Task requirements - Locate, in the data below, the line that contains "2025 Cat Buttholes" and the line that contains "Softball Catcher Steal"; reproduce exactly those two lines and every line between them, nothing more.

Data supplied -
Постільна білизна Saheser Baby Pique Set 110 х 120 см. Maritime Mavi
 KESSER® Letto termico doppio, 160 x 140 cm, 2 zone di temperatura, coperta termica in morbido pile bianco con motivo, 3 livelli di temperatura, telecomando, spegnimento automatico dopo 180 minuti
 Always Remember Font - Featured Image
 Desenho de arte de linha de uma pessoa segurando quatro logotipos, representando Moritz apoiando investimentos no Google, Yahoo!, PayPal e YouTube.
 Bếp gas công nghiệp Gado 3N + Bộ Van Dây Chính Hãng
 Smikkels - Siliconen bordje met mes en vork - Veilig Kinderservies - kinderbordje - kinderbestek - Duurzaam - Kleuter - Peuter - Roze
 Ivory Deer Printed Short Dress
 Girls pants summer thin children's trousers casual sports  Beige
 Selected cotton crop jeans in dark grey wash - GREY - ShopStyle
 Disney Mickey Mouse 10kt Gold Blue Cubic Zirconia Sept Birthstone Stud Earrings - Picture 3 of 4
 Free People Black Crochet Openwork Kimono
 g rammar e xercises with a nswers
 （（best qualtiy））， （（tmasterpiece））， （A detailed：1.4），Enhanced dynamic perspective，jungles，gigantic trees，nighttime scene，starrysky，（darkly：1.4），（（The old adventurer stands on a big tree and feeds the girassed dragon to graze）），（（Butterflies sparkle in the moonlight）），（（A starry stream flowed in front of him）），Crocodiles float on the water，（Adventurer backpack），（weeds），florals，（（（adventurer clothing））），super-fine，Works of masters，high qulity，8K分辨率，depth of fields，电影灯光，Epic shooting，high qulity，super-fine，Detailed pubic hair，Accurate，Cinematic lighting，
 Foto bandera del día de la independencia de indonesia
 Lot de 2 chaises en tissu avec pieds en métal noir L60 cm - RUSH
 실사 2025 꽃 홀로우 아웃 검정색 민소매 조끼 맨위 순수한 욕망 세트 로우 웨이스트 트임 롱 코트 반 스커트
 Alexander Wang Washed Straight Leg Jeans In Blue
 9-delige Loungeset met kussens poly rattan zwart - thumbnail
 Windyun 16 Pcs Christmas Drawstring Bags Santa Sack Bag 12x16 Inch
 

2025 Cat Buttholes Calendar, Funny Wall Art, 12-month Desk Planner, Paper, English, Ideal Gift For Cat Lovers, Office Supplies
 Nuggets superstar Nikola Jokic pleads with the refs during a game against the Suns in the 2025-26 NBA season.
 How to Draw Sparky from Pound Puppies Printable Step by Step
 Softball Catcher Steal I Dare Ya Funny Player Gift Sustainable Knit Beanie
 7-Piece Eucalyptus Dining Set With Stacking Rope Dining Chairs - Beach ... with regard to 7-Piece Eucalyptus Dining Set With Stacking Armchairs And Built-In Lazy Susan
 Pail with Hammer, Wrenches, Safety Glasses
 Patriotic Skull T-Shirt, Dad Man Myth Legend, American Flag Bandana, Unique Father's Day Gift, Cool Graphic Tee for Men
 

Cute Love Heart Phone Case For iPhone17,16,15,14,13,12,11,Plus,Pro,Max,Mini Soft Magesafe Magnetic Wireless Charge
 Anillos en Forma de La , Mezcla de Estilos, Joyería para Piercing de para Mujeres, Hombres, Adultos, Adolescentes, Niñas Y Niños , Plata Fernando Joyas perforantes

Task answer -
2025 Cat Buttholes Calendar, Funny Wall Art, 12-month Desk Planner, Paper, English, Ideal Gift For Cat Lovers, Office Supplies
 Nuggets superstar Nikola Jokic pleads with the refs during a game against the Suns in the 2025-26 NBA season.
 How to Draw Sparky from Pound Puppies Printable Step by Step
 Softball Catcher Steal I Dare Ya Funny Player Gift Sustainable Knit Beanie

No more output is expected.